Leave the pictures behind and reproduce every line of the listing exactly.

▶ [Collected material]

Segment Open

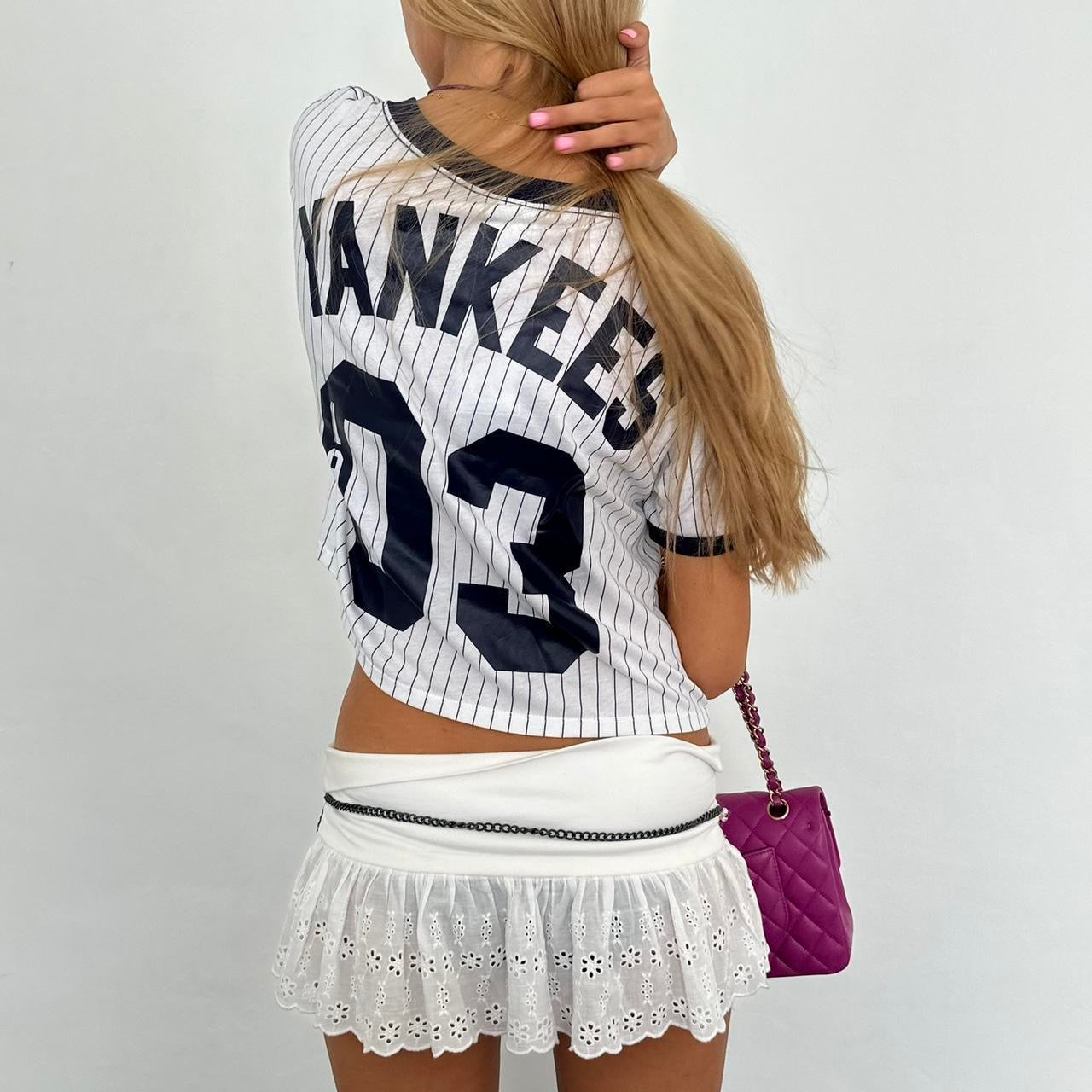 Vintage 2000’s New York Yankees baby tee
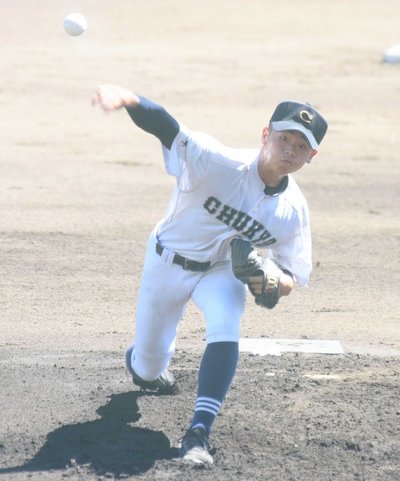 富山第一×中京＝力投する中京の先発川口＝ウインク球場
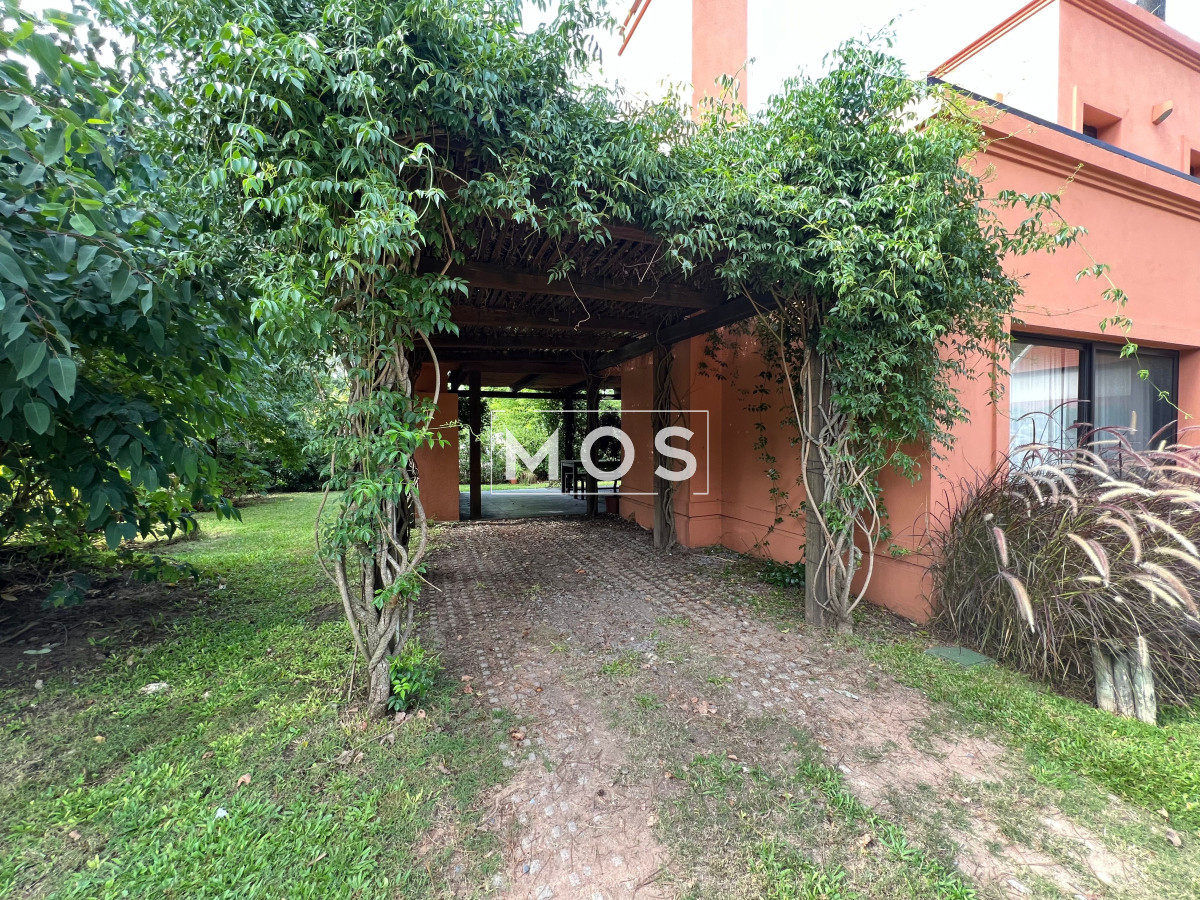 Casa ID.2730 - Alquiler anual y venta casa 2 dormitorios en Barrio privado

Segment Closed

▶ [Expected answer]
 Vintage 2000’s New York Yankees baby tee
 富山第一×中京＝力投する中京の先発川口＝ウインク球場
 Casa ID.2730 - Alquiler anual y venta casa 2 dormitorios en Barrio privado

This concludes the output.